Why is this important? Because from healthcare to climate change, governments today face a range of problems where they must persuade people to change their behaviour. But instead of relying on their powers of persuasion, politicians should consider taking a class in “network science.” True, many claims for the power of social networks are based on the hype surrounding websites like Facebook. But the basic idea is simple: people join together in groups with particular patterns of ties, and these patterns then have important effects on the way they behave.

The shape of these networks has surprising effects. Take an unlikely example: Broadway musicals. Brian Uzzi is a sociologist at Northwestern University in Chicago. He is also a big music hall fan. From Cats to Spamalot, musicals have been big business for decades, but investors have to guess which shows will be a hit. Bye Bye Birdie, a profitable 1960 production starring Dick van Dyke, ran for 607 nights. Bring Back Birdie, its 1981 sequel, was a flop and closed after just four.

Intrigued, Uzzi used network science to find out why.
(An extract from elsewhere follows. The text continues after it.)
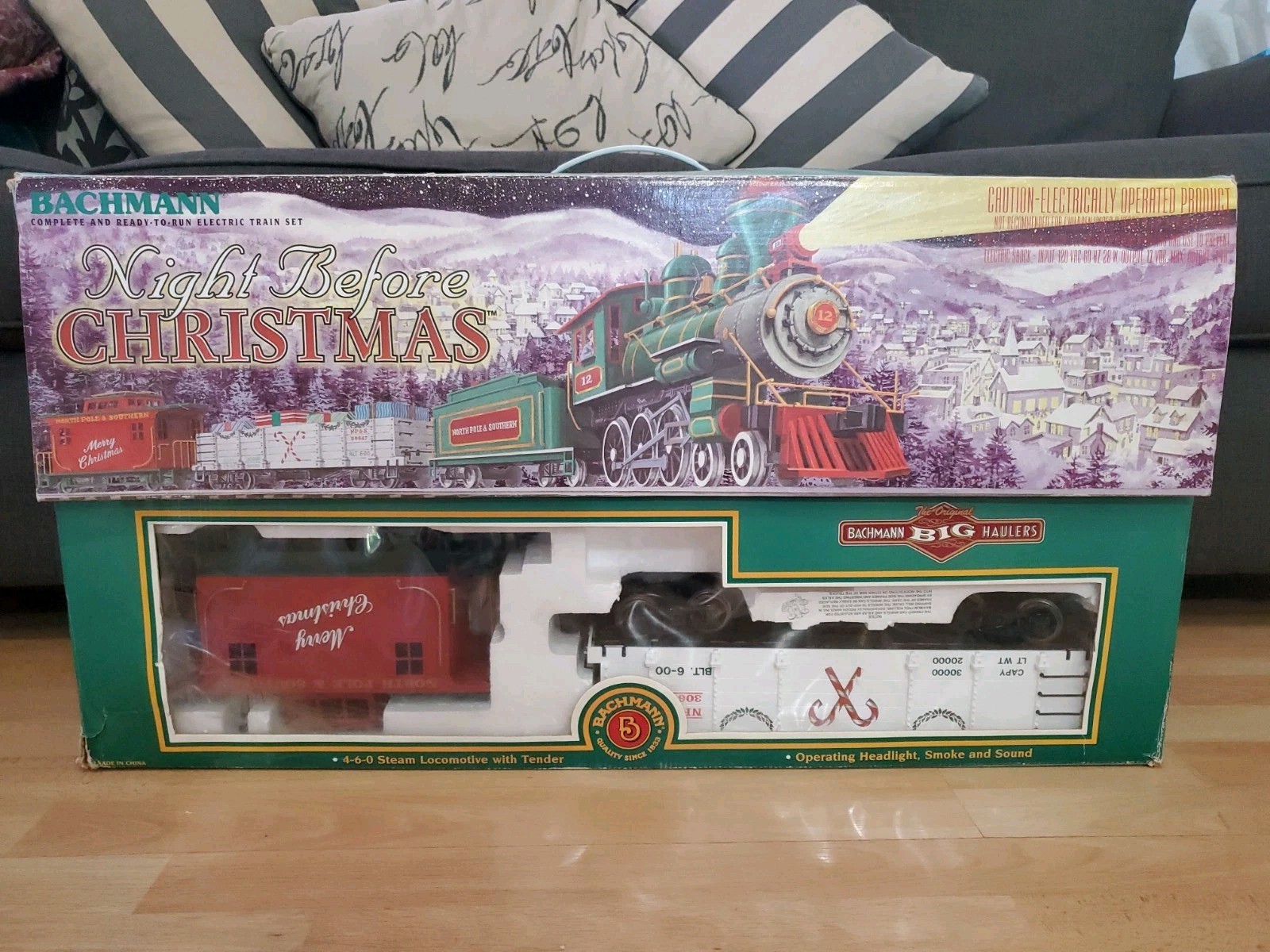 Night Before Christmas Steam Train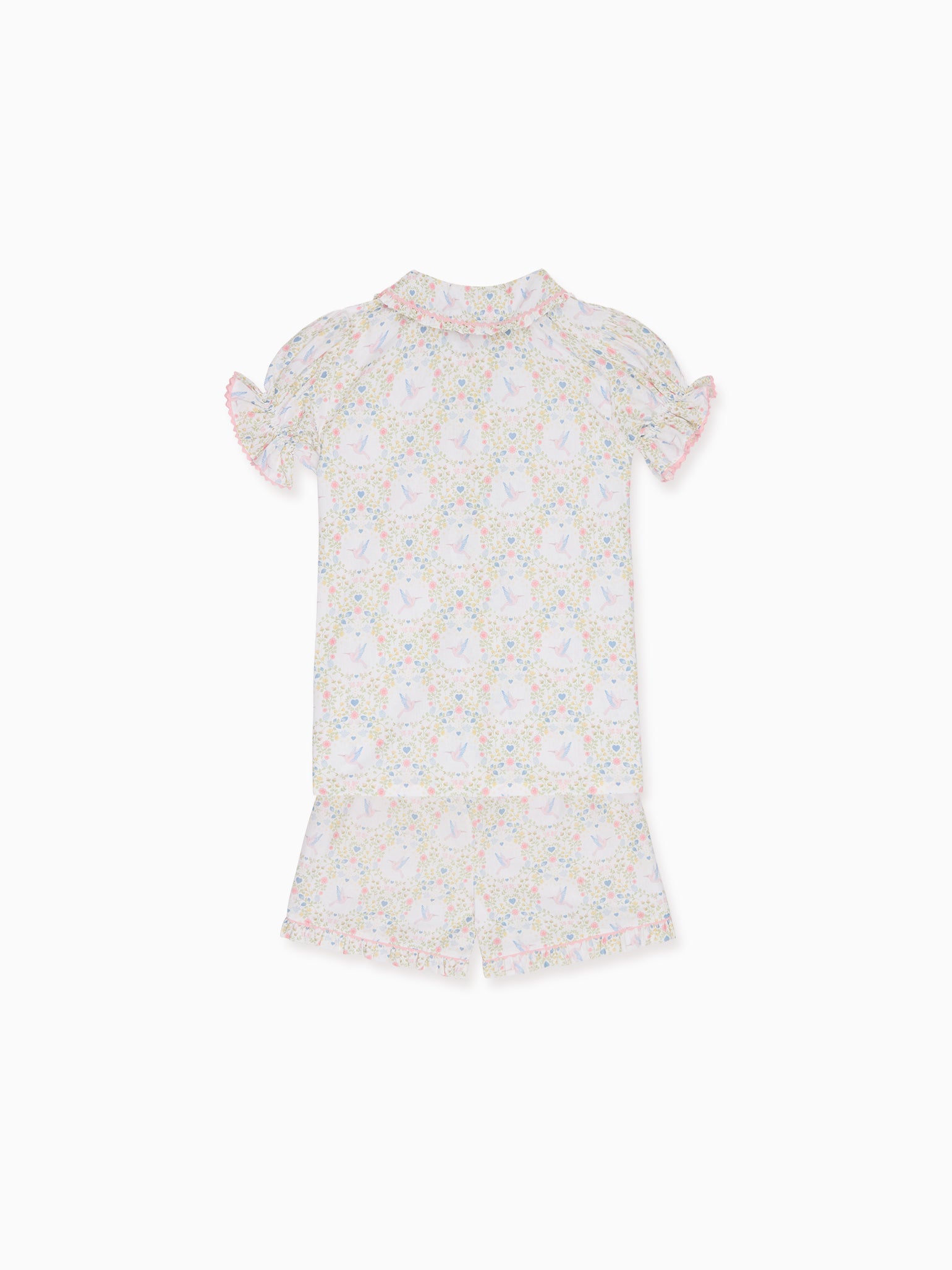 Pink Bird Floral Rinela Girl Pyjamas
He put together a data set of the 321 musicals that launched on Broadway between 1945 and 1989, paying particular attention to whether the top team of producers, director, choreographers and writers had worked together before. After crunching the statistics, he discovered something remarkable. Teams who had never worked together, perhaps unsurprisingly, fared poorly: their “weak” networks meant a lack of creative vision, and lots of duds. And at the other extreme, teams that had worked together successfully also tended to produce flops. Sometimes, lacking outside creative input, the team just rehashed the same ideas that worked the last time; sometimes, lacking newcomers, they “developed” their vision in daft ways. Either way, lightning rarely struck twice.

But, in between, Uzzi found a point of balance. Groups with exactly the right mix of new and old participants reliably produced hits. This variation in the “density” of the ties allowed easy communication and fostered greater creativity—new ideas from the outsiders meshed with the experience of the insiders. It didn’t matter if a musical was about cats or rollerskating trains, or who starred in it. Its success came down to the structure of the network binding its team together. The same thing has been found to be true of scientific invention or business innovation.
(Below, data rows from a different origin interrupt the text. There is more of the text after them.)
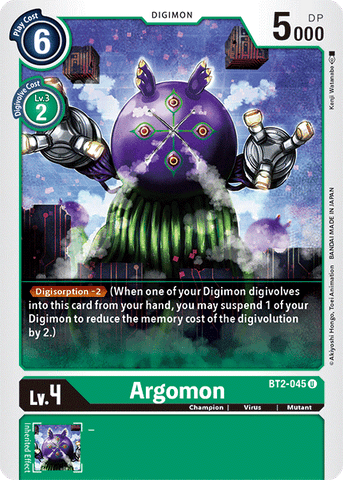 Argomon [BT2-045] [Colección especial de lanzamiento ver. 1.5]
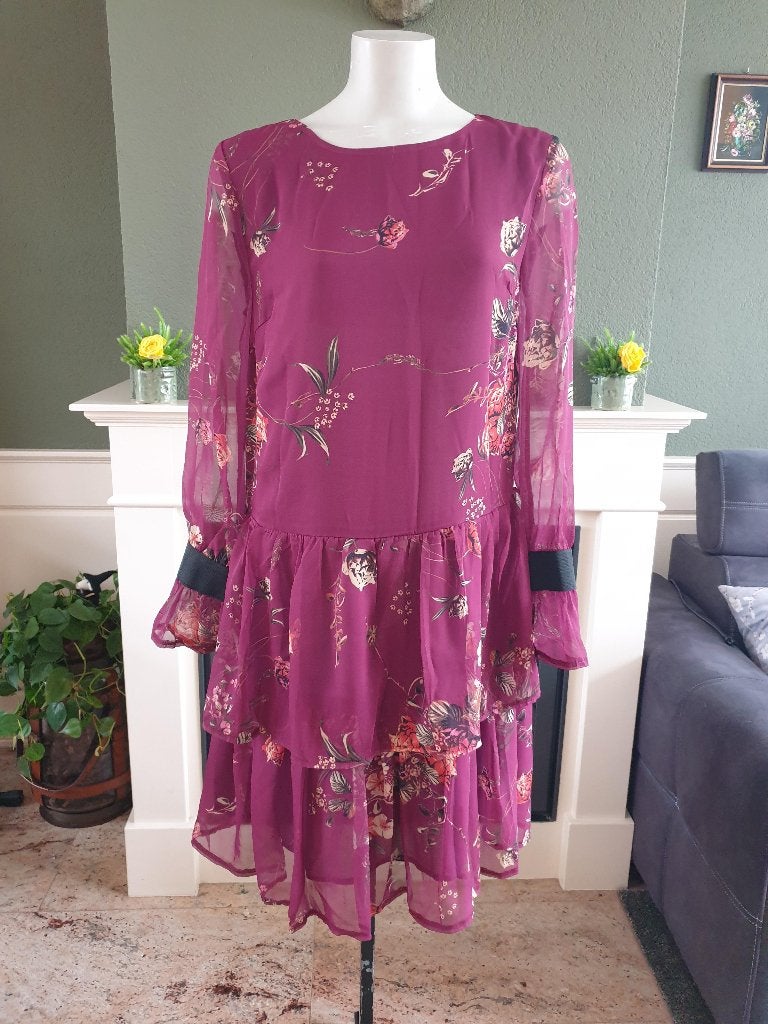 White No Man's Label aubergine jurk M 38, Kleding | Dames, Maat 38/40 (M), Verzenden, Paars, Zo goed als nieuw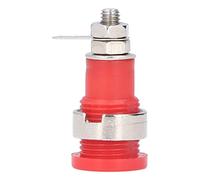 Haofy Conector Tipo Banana de 4 Mm Accesorios de Prueba Eléctricos Duraderos Ideal para Equipos Electrónicos y Industriales 50 Piezas Latón ABS Niquelado (rojo)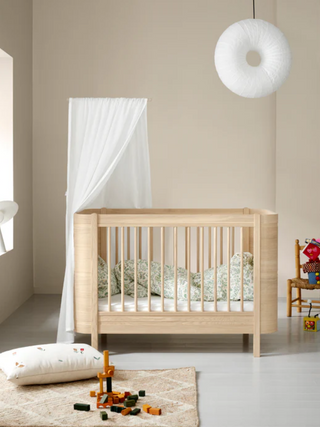 Wood Mini+ Babybett inkl. Umbauset Juniorbett - Eiche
Bring these two insights together—that information flowing along social networks can change behaviour, and that the shape of networks dramatically changes outcomes—and there are some intriguing implications for policy. Take health. We know teenagers are more likely to smoke if their friends smoke. But network science shows that they are more likely to smoke if friends of their friends (whom they don’t know) smoke too. That said, the same can be true in reverse. Here, governments could make budget savings. Let’s say the NHS has £100, and wants to get ten people to quit smoking. If it spends £10 on each, one at a time, perhaps one might stop. But imagine if it brought them together in a new network. Spend £100 on this new group, and three might quit. Or, spend £20 on the most connected person, or a person ideally located in a network with just the right density of ties to other people, and their decision to quit could influence many others. Outcomes improve, for the same (or less) amount of money.

David Cameron’s Tories have already recognised part of this possibility, saying in their January 2010 “A Healthier Nation” green paper that “social norms are much more important than policymakers have traditionally assumed,” and announcing plans to try to create new, better norms (which, by definition, spread by social networks). It’s a start, but other areas also seem ripe for a “network policy” approach.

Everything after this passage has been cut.